Comparison of open-source image-based reconstruction pipelines for 3D
maize root phenotyping
Abstract
Understanding root traits is essential to improve water uptake, increase
nitrogen capture and raise carbon sequestration from the atmosphere.
However, high-throughput phenotyping to quantify root traits for deeper
field-grown roots remain a challenge. Recently developed open-source
methods use image-based 3D reconstruction algorithms to build 3D models
of plant roots from multiple 2D images and can extract root traits and
phenotypes. Most of these methods rely on automated image orientation
(Structure from Motion) and dense image matching (Multiple View Stereo)
algorithms to produce a 3D point cloud or mesh model from 2D images.
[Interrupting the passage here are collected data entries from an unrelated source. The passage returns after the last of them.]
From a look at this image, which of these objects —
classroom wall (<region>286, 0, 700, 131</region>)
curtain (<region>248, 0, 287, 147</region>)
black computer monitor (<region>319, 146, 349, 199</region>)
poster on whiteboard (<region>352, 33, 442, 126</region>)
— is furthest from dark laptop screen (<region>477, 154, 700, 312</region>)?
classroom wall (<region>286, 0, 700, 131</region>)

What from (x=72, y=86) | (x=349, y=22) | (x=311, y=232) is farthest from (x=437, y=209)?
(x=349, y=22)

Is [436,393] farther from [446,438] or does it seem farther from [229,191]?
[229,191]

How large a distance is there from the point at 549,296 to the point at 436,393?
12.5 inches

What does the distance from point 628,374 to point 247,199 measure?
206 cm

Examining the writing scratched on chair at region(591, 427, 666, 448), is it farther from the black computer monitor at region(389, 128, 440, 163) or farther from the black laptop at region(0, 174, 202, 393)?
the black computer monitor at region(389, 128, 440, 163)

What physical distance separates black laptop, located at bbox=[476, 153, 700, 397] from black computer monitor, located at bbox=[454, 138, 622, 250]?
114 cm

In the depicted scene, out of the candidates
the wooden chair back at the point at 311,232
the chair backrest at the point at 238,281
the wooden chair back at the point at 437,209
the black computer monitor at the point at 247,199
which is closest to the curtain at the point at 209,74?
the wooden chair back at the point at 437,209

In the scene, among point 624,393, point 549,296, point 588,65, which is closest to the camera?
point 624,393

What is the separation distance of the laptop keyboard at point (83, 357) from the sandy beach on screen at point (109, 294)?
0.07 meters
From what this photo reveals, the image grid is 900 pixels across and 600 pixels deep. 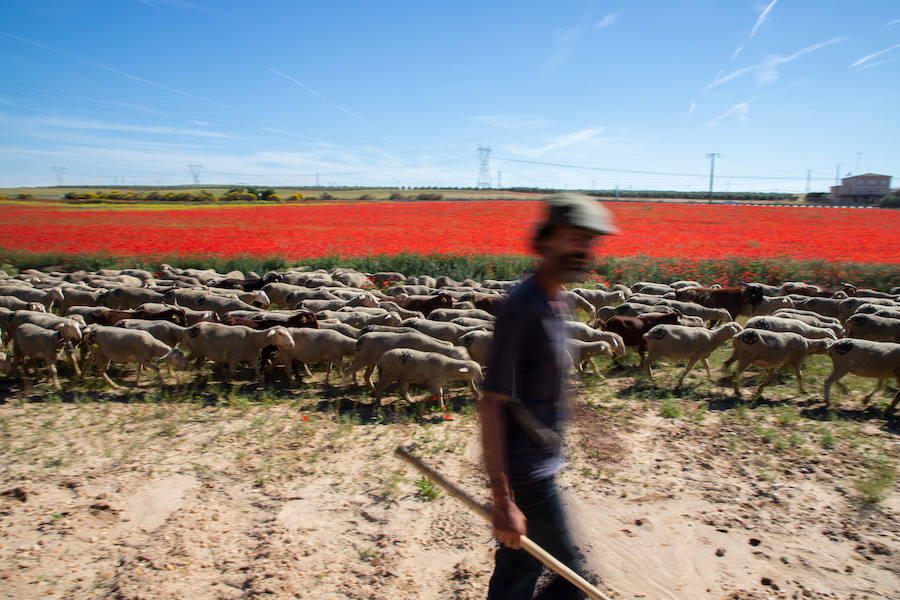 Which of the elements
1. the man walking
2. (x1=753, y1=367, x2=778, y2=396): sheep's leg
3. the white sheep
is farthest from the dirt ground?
the white sheep

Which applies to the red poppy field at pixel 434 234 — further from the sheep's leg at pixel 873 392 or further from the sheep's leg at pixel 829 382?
the sheep's leg at pixel 829 382

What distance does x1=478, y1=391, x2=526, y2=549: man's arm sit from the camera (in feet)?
7.63

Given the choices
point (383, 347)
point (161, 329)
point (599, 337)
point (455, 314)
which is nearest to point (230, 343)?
point (161, 329)

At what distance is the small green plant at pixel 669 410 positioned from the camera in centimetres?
801

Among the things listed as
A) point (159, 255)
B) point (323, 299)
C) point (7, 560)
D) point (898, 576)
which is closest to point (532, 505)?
point (898, 576)

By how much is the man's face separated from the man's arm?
2.22ft

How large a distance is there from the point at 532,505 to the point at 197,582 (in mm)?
3313

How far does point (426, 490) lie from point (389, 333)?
437 cm

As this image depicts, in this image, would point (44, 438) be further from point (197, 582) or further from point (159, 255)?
point (159, 255)

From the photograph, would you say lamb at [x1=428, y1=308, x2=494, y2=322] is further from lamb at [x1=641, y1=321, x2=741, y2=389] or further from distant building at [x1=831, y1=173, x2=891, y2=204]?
distant building at [x1=831, y1=173, x2=891, y2=204]

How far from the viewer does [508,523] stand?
94.3 inches

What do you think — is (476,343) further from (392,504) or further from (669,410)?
(392,504)

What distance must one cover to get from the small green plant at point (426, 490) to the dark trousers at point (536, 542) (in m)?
2.99

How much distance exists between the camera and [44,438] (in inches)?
274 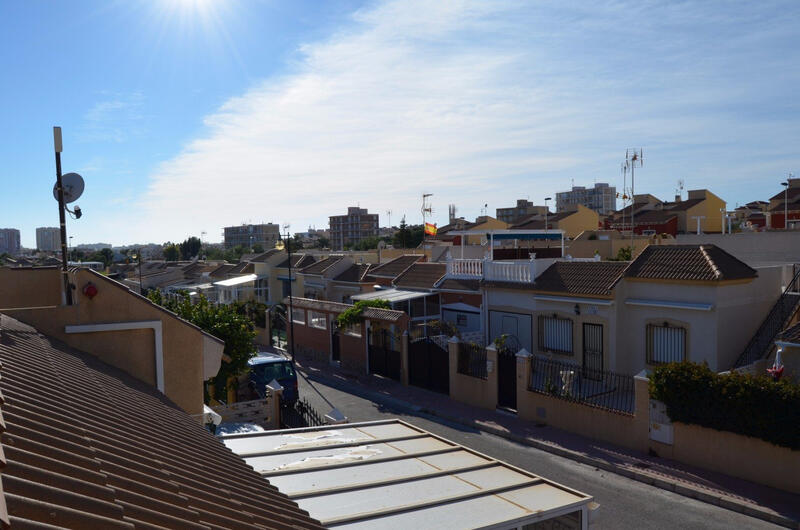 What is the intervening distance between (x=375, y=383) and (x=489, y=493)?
53.3 feet

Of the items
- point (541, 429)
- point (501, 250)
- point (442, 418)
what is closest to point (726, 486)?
point (541, 429)

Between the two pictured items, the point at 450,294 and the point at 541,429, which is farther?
the point at 450,294

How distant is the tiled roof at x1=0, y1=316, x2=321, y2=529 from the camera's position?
2527mm

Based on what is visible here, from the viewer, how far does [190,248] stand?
125 m

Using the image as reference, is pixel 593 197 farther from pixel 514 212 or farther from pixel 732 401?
pixel 732 401

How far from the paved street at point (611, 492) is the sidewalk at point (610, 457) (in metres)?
0.18

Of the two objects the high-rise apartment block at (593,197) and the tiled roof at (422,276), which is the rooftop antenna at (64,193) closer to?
the tiled roof at (422,276)

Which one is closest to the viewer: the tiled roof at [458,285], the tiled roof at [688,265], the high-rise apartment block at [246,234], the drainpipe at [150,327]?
the drainpipe at [150,327]

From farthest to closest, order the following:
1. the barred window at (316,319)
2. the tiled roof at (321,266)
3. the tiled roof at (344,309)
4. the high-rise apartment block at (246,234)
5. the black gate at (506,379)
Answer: the high-rise apartment block at (246,234)
the tiled roof at (321,266)
the barred window at (316,319)
the tiled roof at (344,309)
the black gate at (506,379)

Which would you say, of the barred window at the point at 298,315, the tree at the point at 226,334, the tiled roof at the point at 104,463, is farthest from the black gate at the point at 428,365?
the tiled roof at the point at 104,463

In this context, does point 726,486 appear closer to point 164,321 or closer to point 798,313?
point 798,313

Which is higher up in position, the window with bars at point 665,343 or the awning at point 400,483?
the awning at point 400,483

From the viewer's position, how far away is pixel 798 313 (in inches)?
727

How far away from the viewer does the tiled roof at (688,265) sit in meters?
17.3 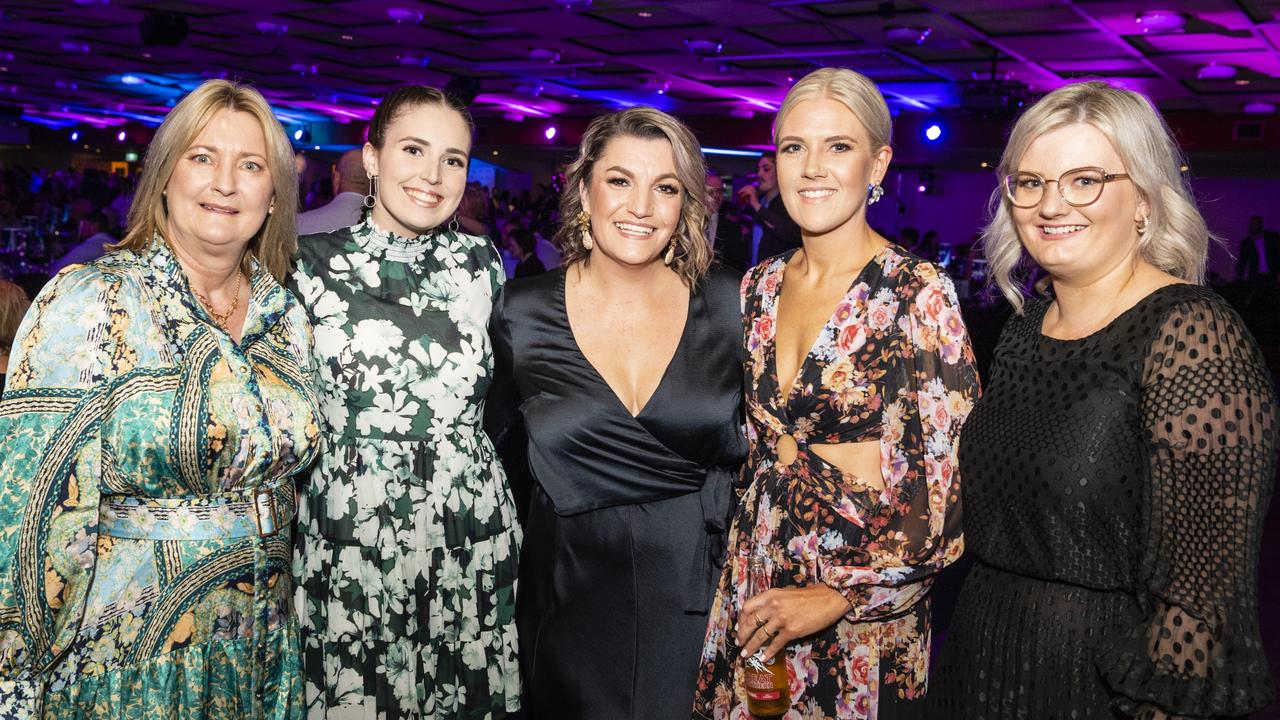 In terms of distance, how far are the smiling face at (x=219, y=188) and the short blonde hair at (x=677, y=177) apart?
28.7 inches

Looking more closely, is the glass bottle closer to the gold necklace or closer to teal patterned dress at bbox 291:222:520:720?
teal patterned dress at bbox 291:222:520:720

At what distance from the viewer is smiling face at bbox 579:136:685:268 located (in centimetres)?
229

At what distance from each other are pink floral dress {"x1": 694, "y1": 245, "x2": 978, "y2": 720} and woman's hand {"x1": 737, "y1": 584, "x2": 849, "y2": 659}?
0.09 feet

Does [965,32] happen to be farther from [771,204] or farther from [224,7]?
[224,7]

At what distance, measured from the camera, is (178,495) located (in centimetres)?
188

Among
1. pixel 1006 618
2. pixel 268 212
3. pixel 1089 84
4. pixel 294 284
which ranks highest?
pixel 1089 84

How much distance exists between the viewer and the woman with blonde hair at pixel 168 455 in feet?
5.65

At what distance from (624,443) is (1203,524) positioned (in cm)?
117

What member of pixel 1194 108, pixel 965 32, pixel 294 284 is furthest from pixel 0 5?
pixel 1194 108

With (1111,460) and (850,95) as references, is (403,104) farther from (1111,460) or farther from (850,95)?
(1111,460)

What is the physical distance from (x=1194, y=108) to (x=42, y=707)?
52.3 feet

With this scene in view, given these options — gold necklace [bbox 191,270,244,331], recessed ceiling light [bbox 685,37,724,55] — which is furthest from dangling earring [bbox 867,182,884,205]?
recessed ceiling light [bbox 685,37,724,55]

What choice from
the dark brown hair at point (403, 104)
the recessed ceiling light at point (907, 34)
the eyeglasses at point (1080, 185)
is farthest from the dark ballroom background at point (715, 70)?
the dark brown hair at point (403, 104)

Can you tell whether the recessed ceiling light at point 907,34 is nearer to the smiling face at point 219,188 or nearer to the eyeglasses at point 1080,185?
the eyeglasses at point 1080,185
Until now it is not known how the performance of these methods compares
to each other when applied to field-grown roots. We therefore,
investigate commonly used open-source methods on a test panel of twelve
contrasting maize genotypes grown in real field conditions in this
comparison study. These methods include COLMAP [1], VisualSFM
[2], OpenMVG [3], Meshroom [4], Multi-View Environment
[5] and Regard3D [6]. We compare the 3D point cloud model
density, number of points, and computation time. In addition, we compare
computed traits to a manually measured ground-truth for each generated
3D model to gain insight into the dependency of trait measurements on
method accuracy. The computed traits include distance between whorls and
the number, angles, and diameters of nodal roots. This comparison study
will provide first insight into the trade-off between model accuracy and
trait accuracy for future high-throughput phenotyping pipelines.